[Collected data]
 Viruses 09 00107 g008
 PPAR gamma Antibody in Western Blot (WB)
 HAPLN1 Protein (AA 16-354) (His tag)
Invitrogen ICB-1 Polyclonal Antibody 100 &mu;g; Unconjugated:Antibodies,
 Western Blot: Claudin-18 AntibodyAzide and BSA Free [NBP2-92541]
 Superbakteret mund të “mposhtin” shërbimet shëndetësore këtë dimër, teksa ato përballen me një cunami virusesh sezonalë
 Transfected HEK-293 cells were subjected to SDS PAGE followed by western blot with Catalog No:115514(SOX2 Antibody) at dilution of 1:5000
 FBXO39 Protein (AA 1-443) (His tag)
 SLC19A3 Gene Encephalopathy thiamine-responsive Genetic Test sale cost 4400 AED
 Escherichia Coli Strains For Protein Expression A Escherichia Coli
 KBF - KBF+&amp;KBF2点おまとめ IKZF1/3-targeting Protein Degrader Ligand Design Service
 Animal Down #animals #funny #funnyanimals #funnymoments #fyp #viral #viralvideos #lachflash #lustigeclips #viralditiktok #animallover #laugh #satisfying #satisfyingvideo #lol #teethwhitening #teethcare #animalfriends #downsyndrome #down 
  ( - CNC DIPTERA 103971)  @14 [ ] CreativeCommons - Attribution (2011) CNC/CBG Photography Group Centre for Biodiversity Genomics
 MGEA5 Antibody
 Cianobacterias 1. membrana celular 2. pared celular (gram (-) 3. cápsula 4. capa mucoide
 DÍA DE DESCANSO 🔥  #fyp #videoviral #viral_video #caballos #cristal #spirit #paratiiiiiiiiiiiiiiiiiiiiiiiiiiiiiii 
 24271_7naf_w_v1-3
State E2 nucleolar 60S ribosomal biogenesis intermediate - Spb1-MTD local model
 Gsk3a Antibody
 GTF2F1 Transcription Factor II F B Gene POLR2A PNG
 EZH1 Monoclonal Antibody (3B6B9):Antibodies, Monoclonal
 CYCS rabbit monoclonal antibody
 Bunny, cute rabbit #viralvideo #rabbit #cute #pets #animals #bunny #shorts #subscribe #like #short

-- AIM OF THE TASK --
In the entries above, find the line holding "Western Blot: Claudin-18" and the line holding "DÍA DE DESCANSO", then retype exactly those two lines and every line between them, and nothing else.

-- RESPONSE TO THIS TASK --
 Western Blot: Claudin-18 AntibodyAzide and BSA Free [NBP2-92541]
 Superbakteret mund të “mposhtin” shërbimet shëndetësore këtë dimër, teksa ato përballen me një cunami virusesh sezonalë
 Transfected HEK-293 cells were subjected to SDS PAGE followed by western blot with Catalog No:115514(SOX2 Antibody) at dilution of 1:5000
 FBXO39 Protein (AA 1-443) (His tag)
 SLC19A3 Gene Encephalopathy thiamine-responsive Genetic Test sale cost 4400 AED
 Escherichia Coli Strains For Protein Expression A Escherichia Coli
 KBF - KBF+&amp;KBF2点おまとめ IKZF1/3-targeting Protein Degrader Ligand Design Service
 Animal Down #animals #funny #funnyanimals #funnymoments #fyp #viral #viralvideos #lachflash #lustigeclips #viralditiktok #animallover #laugh #satisfying #satisfyingvideo #lol #teethwhitening #teethcare #animalfriends #downsyndrome #down 
  ( - CNC DIPTERA 103971)  @14 [ ] CreativeCommons - Attribution (2011) CNC/CBG Photography Group Centre for Biodiversity Genomics
 MGEA5 Antibody
 Cianobacterias 1. membrana celular 2. pared celular (gram (-) 3. cápsula 4. capa mucoide
 DÍA DE DESCANSO 🔥  #fyp #videoviral #viral_video #caballos #cristal #spirit #paratiiiiiiiiiiiiiiiiiiiiiiiiiiiiiii 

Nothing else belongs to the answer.